** Data records **

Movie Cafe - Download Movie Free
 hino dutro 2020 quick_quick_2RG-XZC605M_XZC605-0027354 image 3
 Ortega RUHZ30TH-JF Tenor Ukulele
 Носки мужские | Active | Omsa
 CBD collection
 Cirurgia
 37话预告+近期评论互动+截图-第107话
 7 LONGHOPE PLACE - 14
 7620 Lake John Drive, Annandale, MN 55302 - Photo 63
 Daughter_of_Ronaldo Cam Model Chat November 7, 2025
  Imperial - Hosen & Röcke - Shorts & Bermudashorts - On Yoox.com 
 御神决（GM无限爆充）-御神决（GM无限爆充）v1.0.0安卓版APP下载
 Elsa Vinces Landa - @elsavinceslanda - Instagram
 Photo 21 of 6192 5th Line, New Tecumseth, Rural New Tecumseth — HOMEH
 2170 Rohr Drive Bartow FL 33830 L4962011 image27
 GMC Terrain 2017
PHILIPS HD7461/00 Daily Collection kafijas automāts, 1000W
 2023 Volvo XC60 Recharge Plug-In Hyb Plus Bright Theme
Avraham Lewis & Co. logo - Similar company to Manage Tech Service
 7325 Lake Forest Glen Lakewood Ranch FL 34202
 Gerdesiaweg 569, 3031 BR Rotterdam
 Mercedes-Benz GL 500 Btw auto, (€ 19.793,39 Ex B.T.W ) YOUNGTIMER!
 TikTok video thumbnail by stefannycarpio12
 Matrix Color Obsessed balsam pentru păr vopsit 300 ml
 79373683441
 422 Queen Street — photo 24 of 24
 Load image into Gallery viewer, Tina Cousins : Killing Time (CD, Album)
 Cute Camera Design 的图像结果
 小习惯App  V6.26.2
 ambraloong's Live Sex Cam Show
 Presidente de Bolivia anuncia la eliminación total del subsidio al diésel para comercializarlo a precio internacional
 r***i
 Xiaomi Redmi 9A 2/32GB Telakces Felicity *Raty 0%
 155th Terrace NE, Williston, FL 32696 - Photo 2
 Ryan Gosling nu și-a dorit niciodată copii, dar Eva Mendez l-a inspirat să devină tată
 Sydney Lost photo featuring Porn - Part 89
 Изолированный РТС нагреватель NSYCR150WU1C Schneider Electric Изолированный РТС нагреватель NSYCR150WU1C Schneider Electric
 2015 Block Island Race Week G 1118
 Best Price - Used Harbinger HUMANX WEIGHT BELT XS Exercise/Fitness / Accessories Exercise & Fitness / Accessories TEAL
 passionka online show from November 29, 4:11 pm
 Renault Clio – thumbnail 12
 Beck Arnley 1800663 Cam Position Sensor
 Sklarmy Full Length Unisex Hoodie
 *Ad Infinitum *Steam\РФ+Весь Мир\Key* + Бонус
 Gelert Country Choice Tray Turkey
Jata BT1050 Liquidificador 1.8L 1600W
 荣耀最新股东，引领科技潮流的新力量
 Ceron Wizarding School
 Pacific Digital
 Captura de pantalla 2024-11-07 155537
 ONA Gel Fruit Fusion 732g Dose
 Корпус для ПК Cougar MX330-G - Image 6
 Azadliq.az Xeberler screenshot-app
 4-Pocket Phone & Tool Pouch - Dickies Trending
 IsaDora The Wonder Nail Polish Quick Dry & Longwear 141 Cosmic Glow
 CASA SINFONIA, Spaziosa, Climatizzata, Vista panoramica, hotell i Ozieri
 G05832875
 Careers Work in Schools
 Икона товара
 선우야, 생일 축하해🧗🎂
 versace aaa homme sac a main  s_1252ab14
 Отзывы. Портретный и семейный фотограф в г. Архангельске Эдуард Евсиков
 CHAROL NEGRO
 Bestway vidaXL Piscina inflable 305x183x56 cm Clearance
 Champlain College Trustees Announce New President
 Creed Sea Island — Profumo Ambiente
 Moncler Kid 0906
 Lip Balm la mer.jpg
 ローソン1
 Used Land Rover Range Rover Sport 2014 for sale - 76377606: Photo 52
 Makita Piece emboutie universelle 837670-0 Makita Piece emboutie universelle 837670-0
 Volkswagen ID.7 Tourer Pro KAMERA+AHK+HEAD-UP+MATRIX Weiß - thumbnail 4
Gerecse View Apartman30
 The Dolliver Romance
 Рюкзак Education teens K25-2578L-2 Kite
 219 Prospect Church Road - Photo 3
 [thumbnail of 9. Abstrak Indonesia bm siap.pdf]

** Aim of the task **
Check each line of the records above for "November", and copy those that have it.

** Answer section **
 Daughter_of_Ronaldo Cam Model Chat November 7, 2025
 passionka online show from November 29, 4:11 pm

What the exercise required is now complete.